While there’s always been a risk of bushfire, flood and cyclone, the evidence does seem to be pointing to these increasing in frequency and in intensity.
“We’re exposing more and more people to those risky environments. So it’s very different from urban environments. Housing affordability becomes a key issue in all of that,” says Professor Harms, from the Department of Social Work.
New housing developments are often pushed to the fringes of high-risk fire areas and are an emerging area of concern. In December 2014, a new housing estate in northeast Perth was metres away from a fire that swept through Whiteman Park.
Housing affordability plays a big part in exposing social vulnerabilities. Low-income families and first-home buyers are often forced to buy in these newly developed estates and might not always be aware of the increased risk of bushfire.
People who are less financially secure and already disadvantaged can end up living in an area that is vulnerable to catastrophic natural disasters. In turn, they are also further away from support networks such as community resources, family and essential services and cannot always choose where they seek refuge.
Those who suffered most from Hurricane Katrina were the poorest inhabitants of New Orleans who did not have the resources or the means to leave.
“Those who stayed in New Orleans became even more vulnerable,” says Professor Harms. “And as migrant communities [in Australia] are moving towards more rural centres, you are moving social disadvantage into areas that are more vulnerable to catastrophic natural disasters.”
And without social or infrastructure support following disasters, it is no surprise that mental health can deteriorate.
SAFETY AND STABILITY
The restoration of safety and stability is essential for psychological recovery post-disaster. Vulnerable people cannot always choose where they seek refuge and can be further disadvantaged.
In recent years, the social work profession has focused more on place and environments, recognising how place can make people vulnerable to where they are forced to live economically or socially. Social environment, disaster and climate change awareness have become embedded into social work curriculum and research.
“The Black Saturday affected communities are still recovering. In hard economic terms, it’s an incredible cost, in critical psycho-social terms it’s a major disruption and loss for people,” says Professor Harms.
And life very rarely reverts to normal. People who experience post-traumatic growth following a natural disaster don’t always return to their pre-event state there can be positive as well as the devastating negative outcomes.
Post-traumatic growth recognises that people commonly report that trauma has also been positively transformative.
Growth in areas such as an individual’s sense of self, their relationships with others, and new appreciation of life, new opportunities and spiritual growth all focus on the strengths people have and can develop.
People see it as a wake-up call or a major turning point in their life.
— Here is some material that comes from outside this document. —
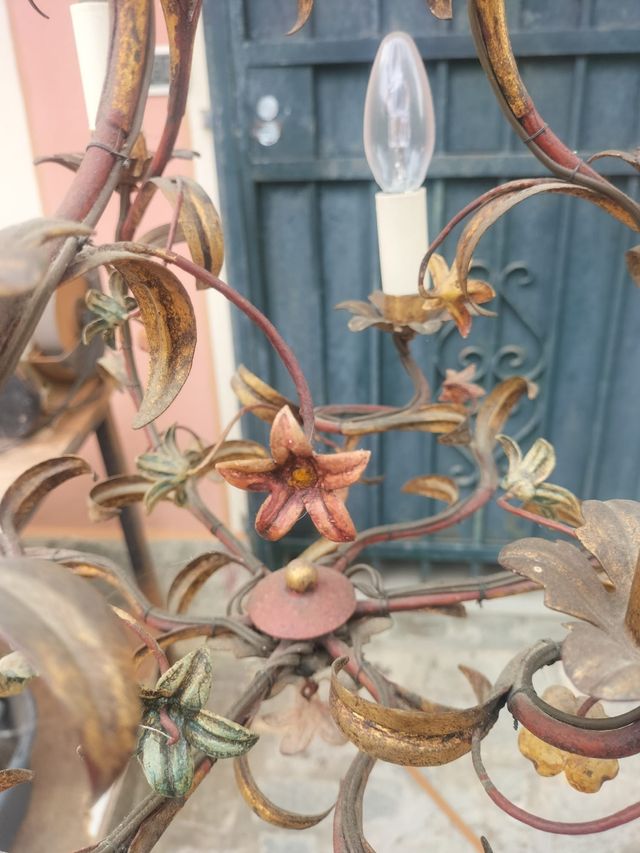 Lampadario vintage ottone oro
They use the experience as a pivot point and make the changes they otherwise would not have made.
“The experience of growth is different from a return to a pre-trauma baseline experience,” says Professor Harms.
This concept has been widely researched by academics as part of the Post-Traumatic Growth Project led by Professor Harms.
As an expert in environmental disaster recovery, Professor Harms covers socio-ecological aspects of trauma emphasising the importance of strong social networks in the recovery and post-traumatic growth process coupled with support of strong systems and resources.
“Many Black Saturday affected people have emphasised the role of their families, friends and neighbours in helping them get on with life. Community-led groups have initiated diverse creative responses that have restored and sustained people’s well-being,” says Professor Harms.
These social ties and connection to communities matter a great deal in recovery and growth.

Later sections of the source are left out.